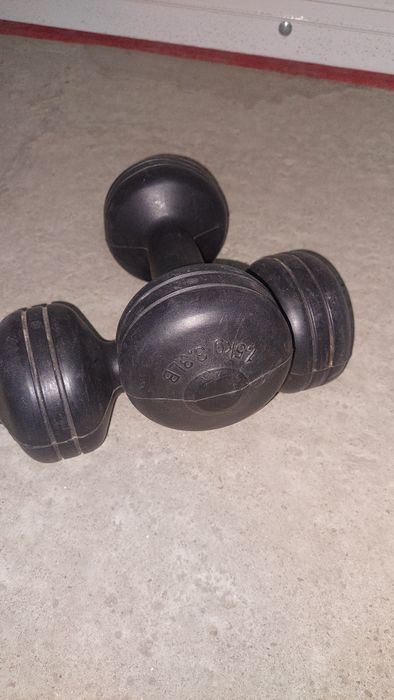 Продавам ктъгла гира 6кг  гирички 1×3кг.2×1.5 кг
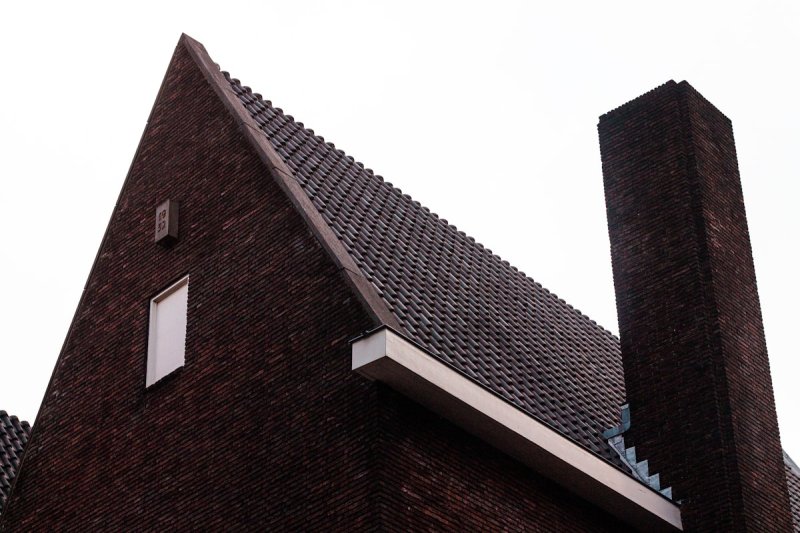 Het nieuwe Hollandse dak heeft nog steeds een schoorsteen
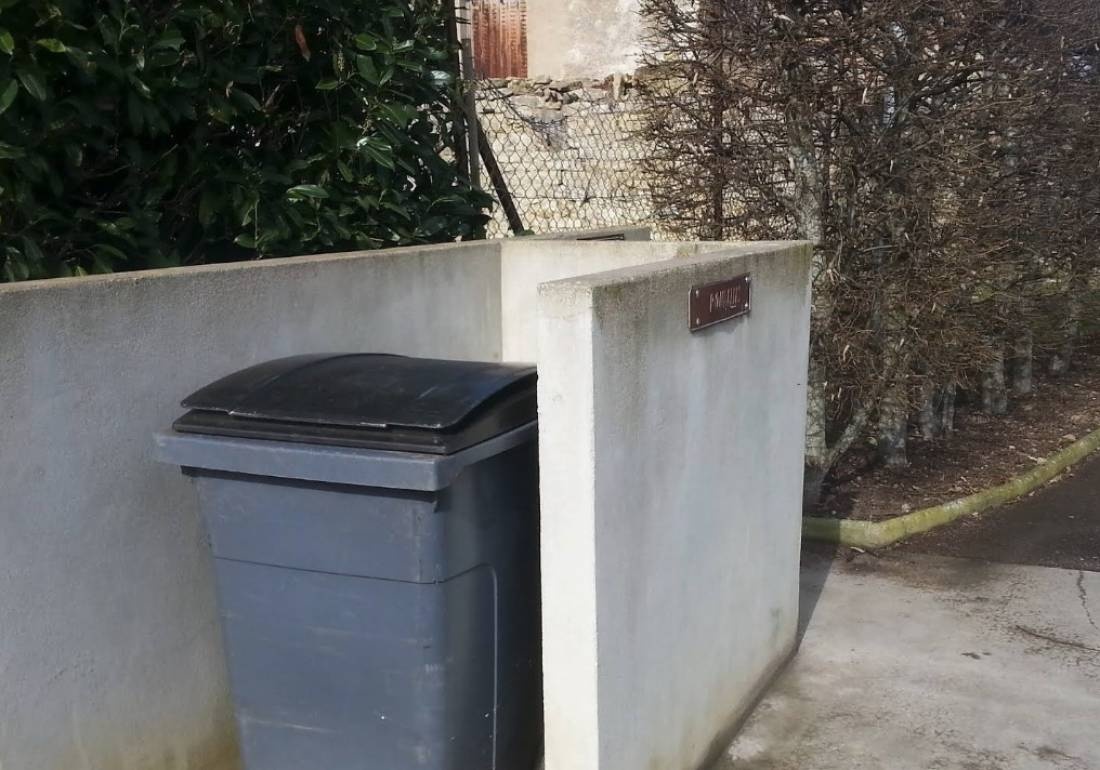 Stellplatz Semur-en-Auxois — Stellplatz in Semur-en-Auxois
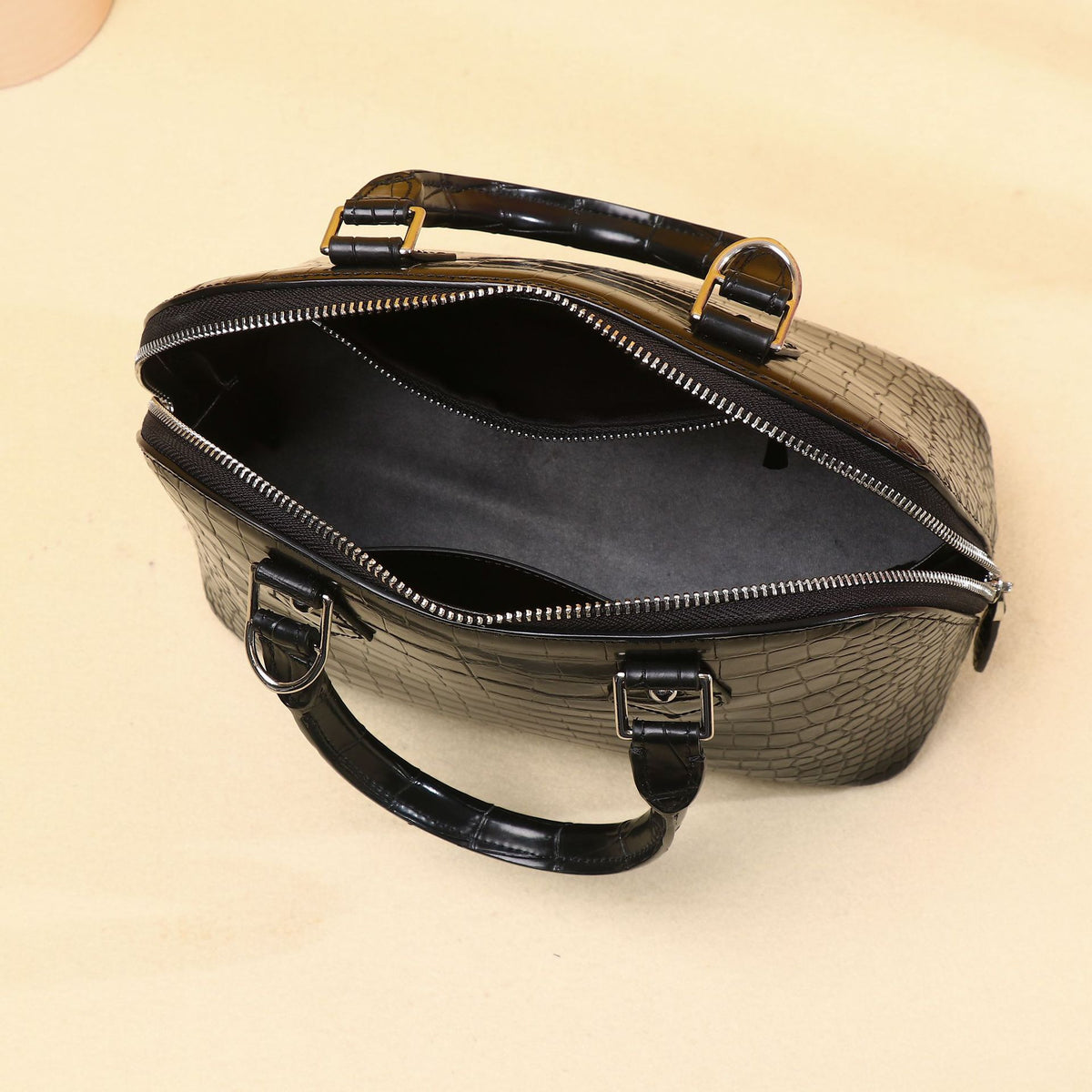 New Arrival Croc-Effect Shell Tote Bag for Women, A Trendy Shoulder Crossbody Commuter Handbag with Classic Croc-Pattern Design
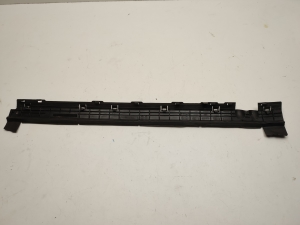 Mercedes Benz E-Class W212 (2009–2015) Radiator bracket A2125050086 - 4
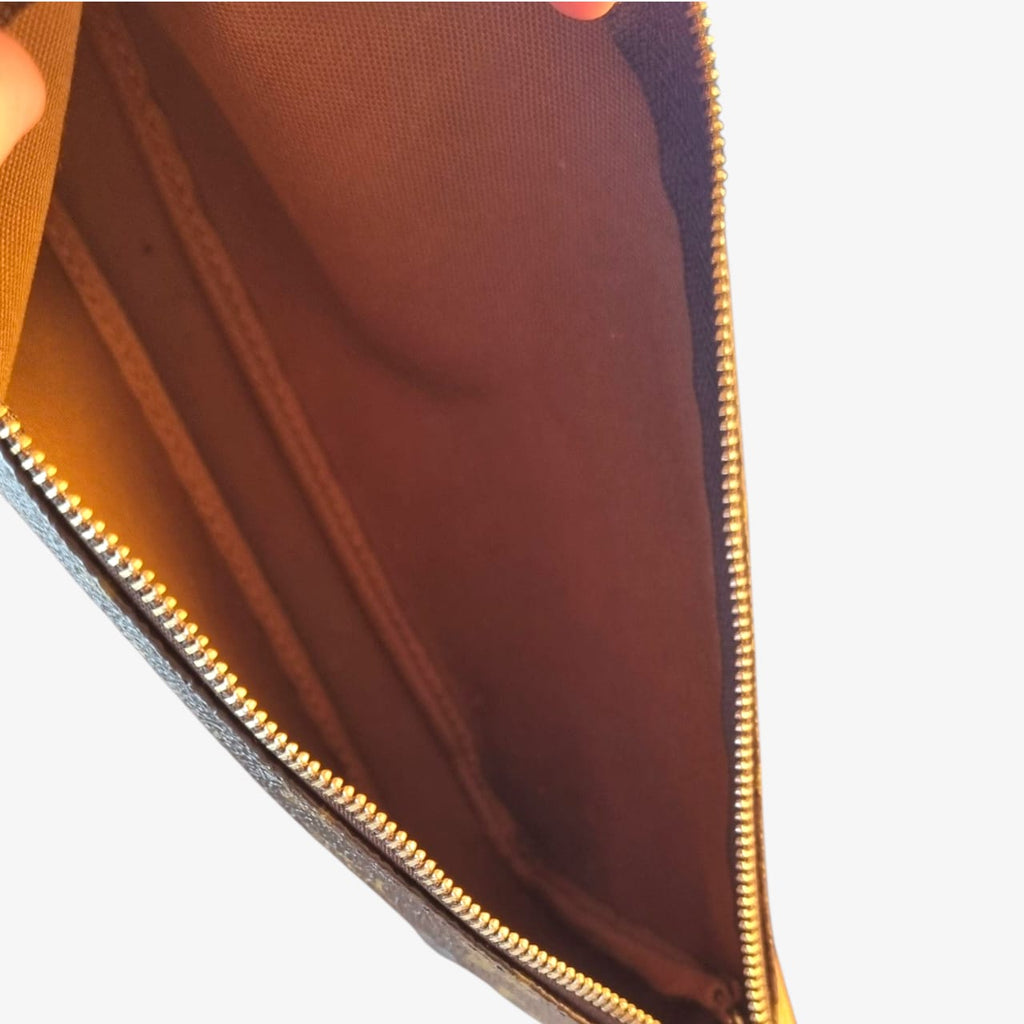 Louis Vuitton -  Pochette Accessoire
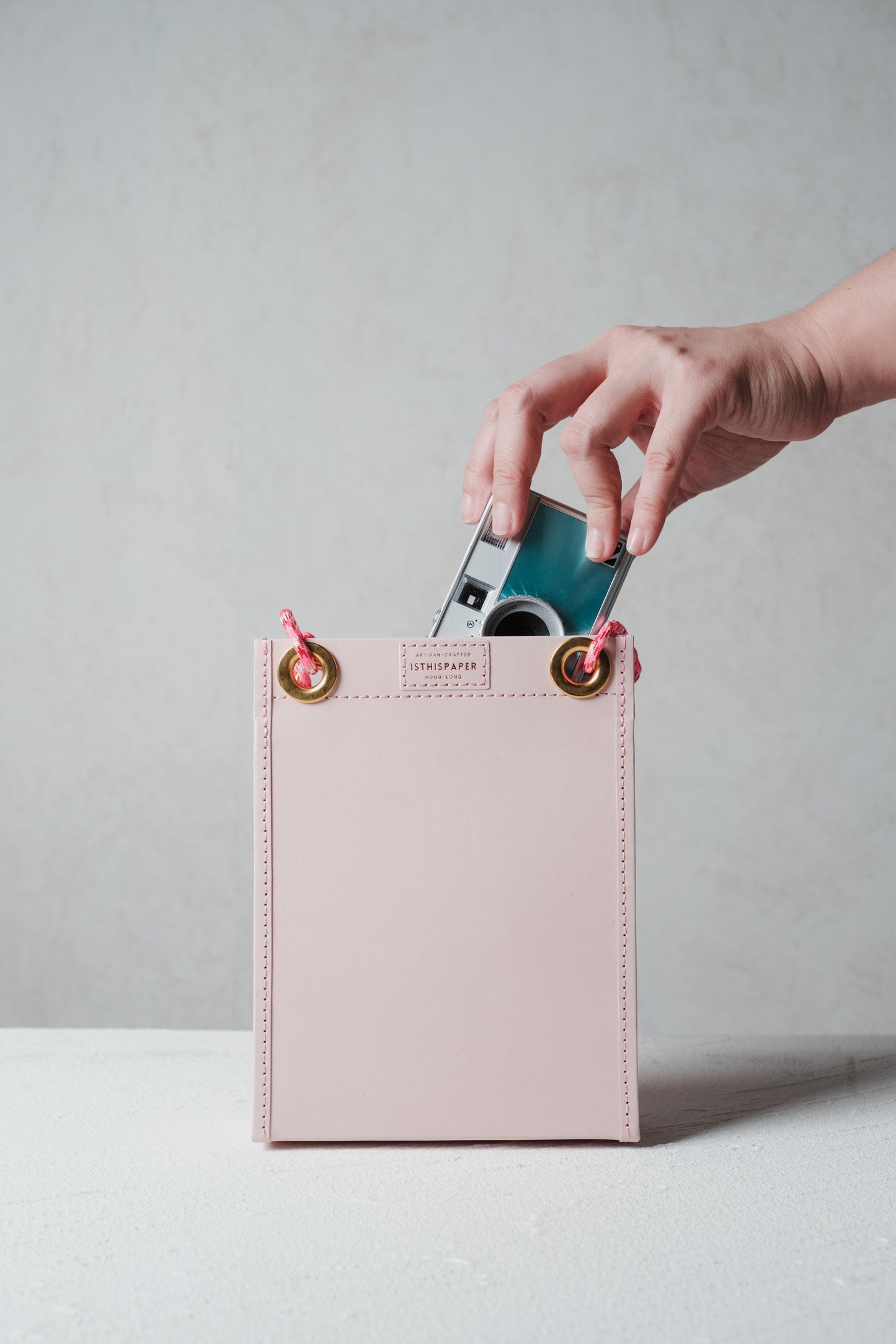 gizmo pocket _light pink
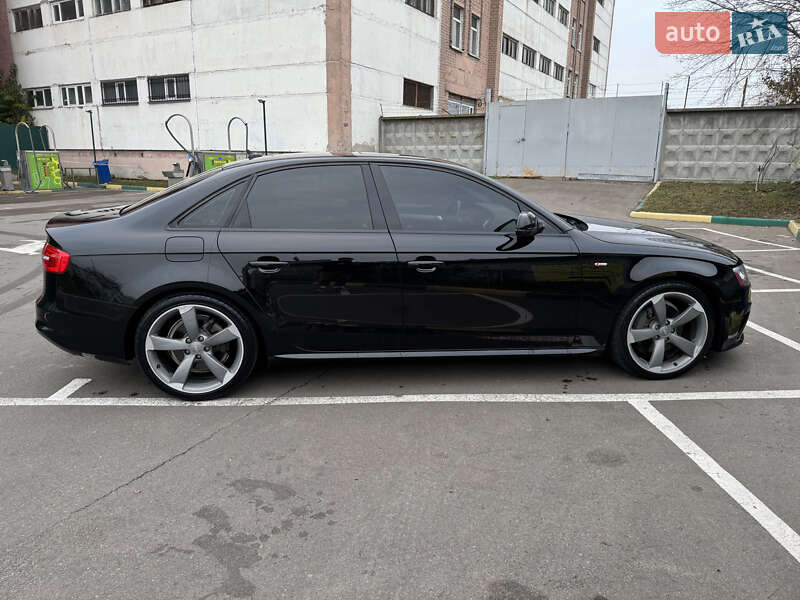 Седан Audi A4 2014 в Киеве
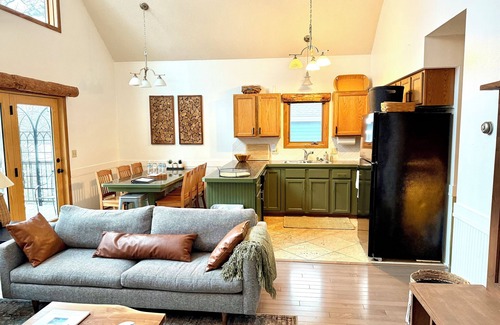 Biwabik Ski Chalet | WALDEN HAUS -Lakefront Chalet- Dog Friendly & Breakfast-Ski-Golf-Bike-Hike-Swim
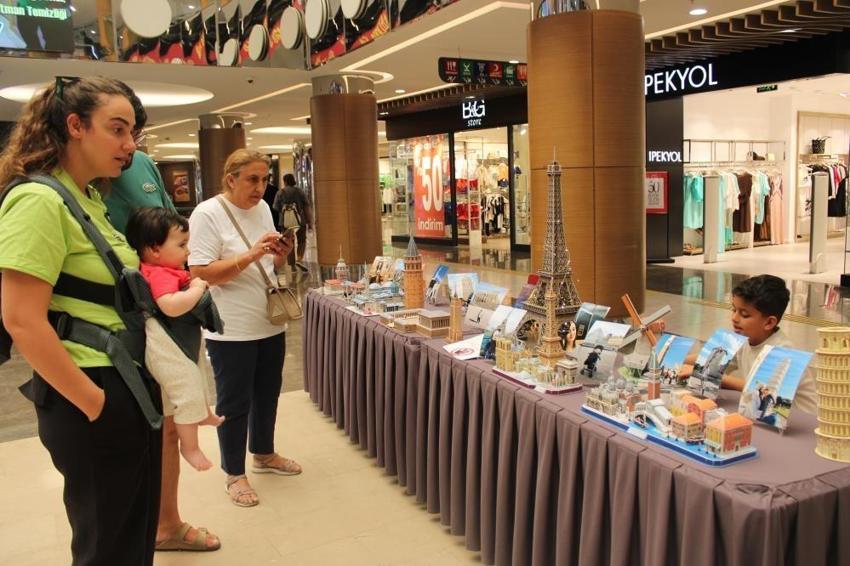 Gördüğü her yerin maketini yapıyor! 7 yaşında hem gezgin hem sanatçı oldu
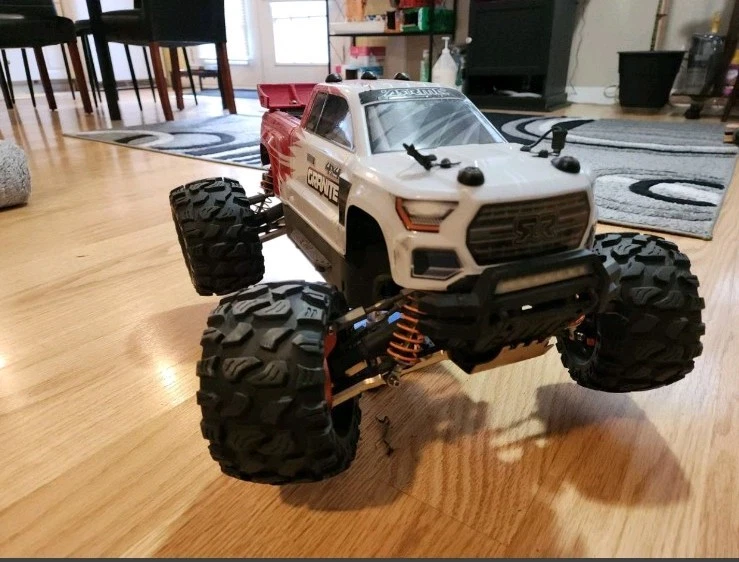 Arrma granite 4x4 3s blx Brushless Monster Truck  - Image 4 of 4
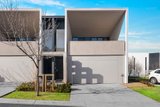 https://images.listonce.com.au/custom/160x/listings/17-bardaster-boulevard-chirnside-park-vic-3116/813/01750813_img_01.jpg?IG-g71iixmk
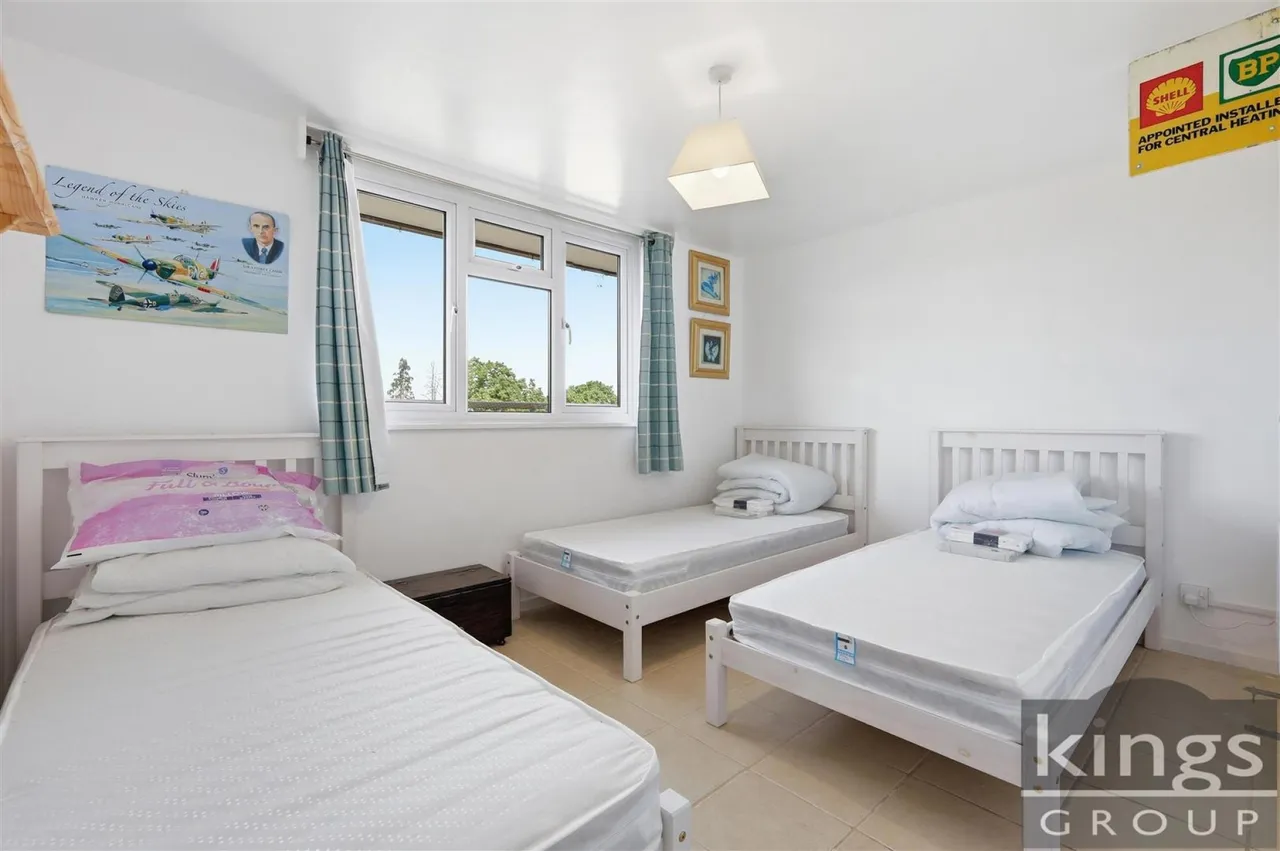 Cedar Road, Enfield, photo 8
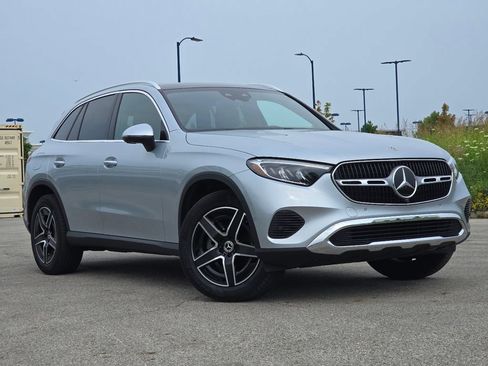 Certified 2026 Mercedes-Benz GLC 300 4MATIC image 1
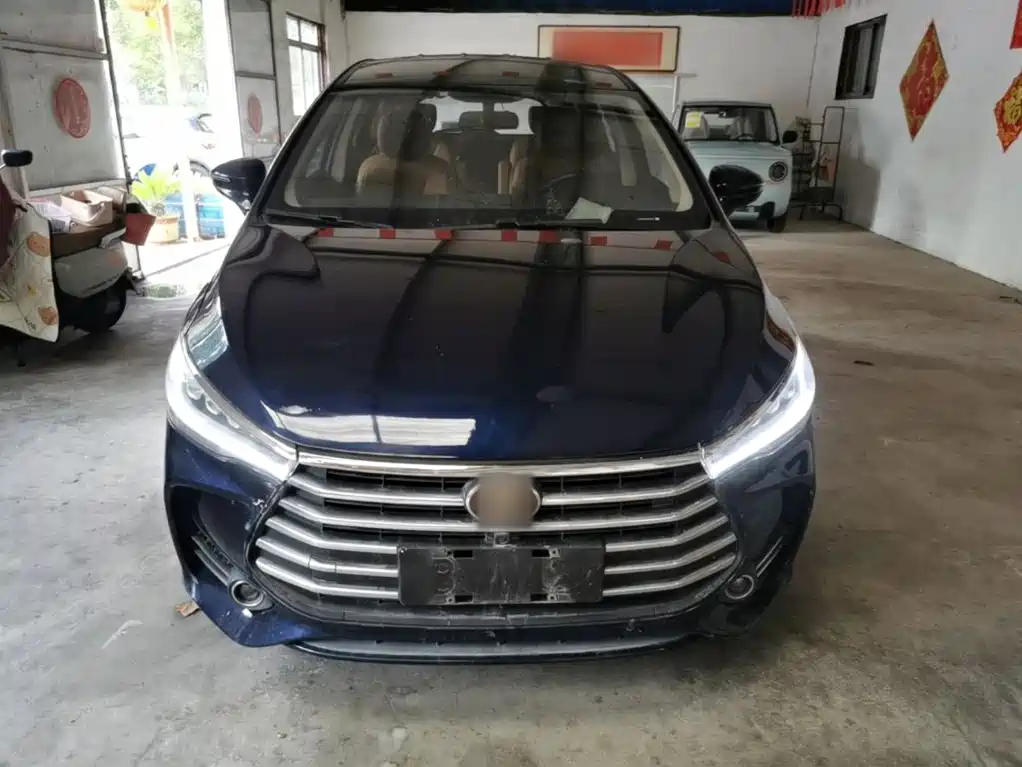 Photo 3 - BYD Song MAX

* * * * * * * * *

Work to be completed –
Retype only the lines from the one with "Cedar Road, Enfield, photo 8" through the final line of the entries, please, and keep the pictures out.

Your response –
 Cedar Road, Enfield, photo 8
 Certified 2026 Mercedes-Benz GLC 300 4MATIC image 1
 Photo 3 - BYD Song MAX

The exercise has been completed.